At this juncture, here is what we do know.  The proposed Regulations under 19 NYCRR, Chapter IV, Part 146, were issued in February 2021 and at this writing have not been finalized.  The regulations created new requirements for certain exempt organizations, which are effective January 1, 2021.

First, the Annual Financial Reports (CHAR 500) which is required to be filed with the Attorney General’s office for organizations that are already registered with the Attorney General, solicit in the state and are registered under Article 7A, or are DUAL files and receive total revenue and support of over $250,000, will also require that the Annual Financial Report (CHAR 500) be filed with the New York Department of State.

Second, certain IRC Section 501(c)(3) organizations that make certain in-kind donations over $10,000 within a six-month period to IRC Section 501(c)(4) social welfare organizations that engage in NYS-specific lobbying activities, will be required to file a Funding Disclosure Report. The Department of State will publish these reports subject to certain restrictions whenever the in kind donation is inconsistent with the filer’s charitable purposes. 

Third, any IRC Section 501 (c) (4) organization that has issue-based advocacy spending (also known as covered communications) in an aggregate amount or fair market value exceeding $10,000 in a calendar year are required to file a Financial Disclosure Report with New York State Department of State. The Department of State will publish these reports subject to certain restrictions whenever the in kind donation is inconsistent with the filer’s charitable purposes.
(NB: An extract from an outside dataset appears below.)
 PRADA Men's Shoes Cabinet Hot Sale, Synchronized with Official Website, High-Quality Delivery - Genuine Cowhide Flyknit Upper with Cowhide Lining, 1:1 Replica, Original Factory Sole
The names and addresses of the donors will not be published.

Due Dates, Filing Fees and How to File  

Annual Financial Reports (CHAR 500) are due to the Department of State at the same time they are due to the NYS Charities Bureau, on the 15th day of the 5th month after the close of the filing organization’s fiscal year.  At this juncture, it is unclear whether an extension will be granted or to what extent there may be coordination between the two NYS Offices.

Funding Disclosure Reports must be submitted within 30 days of the close of the reporting period depending on when the transaction occurs.  The reporting periods are: January 1 through June 30 (July 31st due date) and July 1 through December 31 (January 31st due date).

Financial Disclosure Reports must be submitted within 30 days of the close of the reporting period depending on when the transaction occurs.  The reporting periods are: January 1 through June 30 (July 31st due date) and July 1 through December 31 (January 31st due date).  Further, the proposed regulations require that IRC 501 (c) (4) filers must submit a full Schedule B, with donor information, along with Form 990 (whether or not they were required to prepare Schedule B for federal purposes).

All three reports must be filed by the taxpayer, via the Department of State website, by creating or utilizing an existing NY.gov account.  In addition, each report carries a $25 filing fee.  At this juncture however, the website does not support electronic payment of each filing fee and payments must be remitted via check to the Department of State.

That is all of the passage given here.